There is only that rain, a sound I have known make men who are sick with fever well- nigh mad, and now and again the depressing cry of the curlews which abound here.

This combination is such that after six or eight hours of it you will be thankful to hear your shipmates start to work the winch. I take it you are hard up when you relish a winch. And you will say - let your previous experience of the world be what it may - Good Heavens, what a place!

Five times have I been now in Bonny River and I like it. You always do get to like it if you live long enough to allow the strange fascination of the place to get a hold on you; but when I first entered it, on a ship commanded by Captain Murray in '93, in the wet season, i.e. in August, in spite of the confidence I had by this time acquired in his skill and knowledge of the West Coast, a sense of horror seized on me as I gazed upon the scene, and I said to the old Coaster who then had charge of my education, "Good Heavens! what an awful accident. We've gone and picked up the Styx." He was evidently hurt and said, "Bonny was a nice place when you got used to it," and went on to discourse on the last epidemic here, when nine men out of the resident eleven died in about ten days from yellow fever. Next to the scenery of "a River," commend me for cheerfulness to the local conversation of its mangrove-swamp region; and every truly important West African river has its mangrove-swamp belt, which extends inland as far as the tide waters make it brackish, and which has a depth and extent from the banks depending on the configuration of the country. Above this belt comes uniformly a region of high forest, having towards the river frontage clay cliffs, sometimes high, as in the case of the Old Calabar at Adiabo, more frequently dwarf cliffs, as in the Forcados up at Warree, and in the Ogowe, - for a long stretch through Kama country. After the clay cliffs region you come to a region of rapids, caused by the river cutting its way through a mountain range; such ranges are the Pallaballa, causing the Livingstone rapids of the Congo; the Sierra del Cristal, those of the Ogowe, and many lesser rivers; the Rumby and Omon ranges, those of the Old Calabar and Cross Rivers.
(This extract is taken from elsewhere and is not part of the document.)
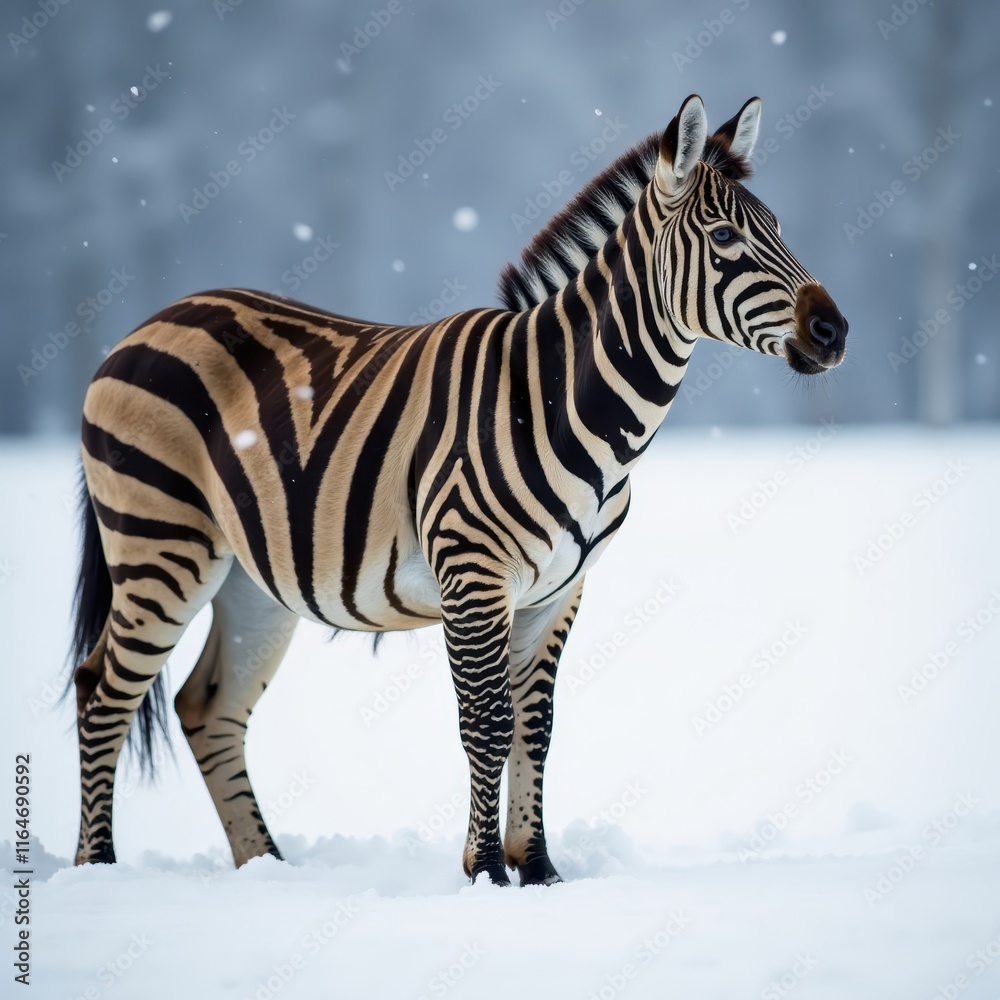 Fototapeta premium Grey striped animal standing alone in a snowy landscape, zebra, white background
Naturally in different parts these separate regions vary in size. The mangrove-swamp may be only a fringe at the mouth of the river, or it may cover hundreds of square miles. The clay cliffs may extend for only a mile or so along the bank, or they may, as on the Ogowe, extend for 130. And so it is also with the rapids: in some rivers, for instance the Cameroons, there are only a few miles of them, in others there are many miles; in the Ogowe there are as many as 500; and these rapids may be close to the river mouth, as in most of the Gold Coast rivers, save the Ancobra and the Volta; or they may be far in the interior, as in the Cross River, where they commence at about 200 miles; and on the Ogowe, where they commence at about 208 miles from the sea coast; this depends on the nearness or remoteness from the coast line of the mountain ranges which run down the west side of the continent; ranges (apparently of very different geological formations), which have no end of different names, but about which little is known in detail.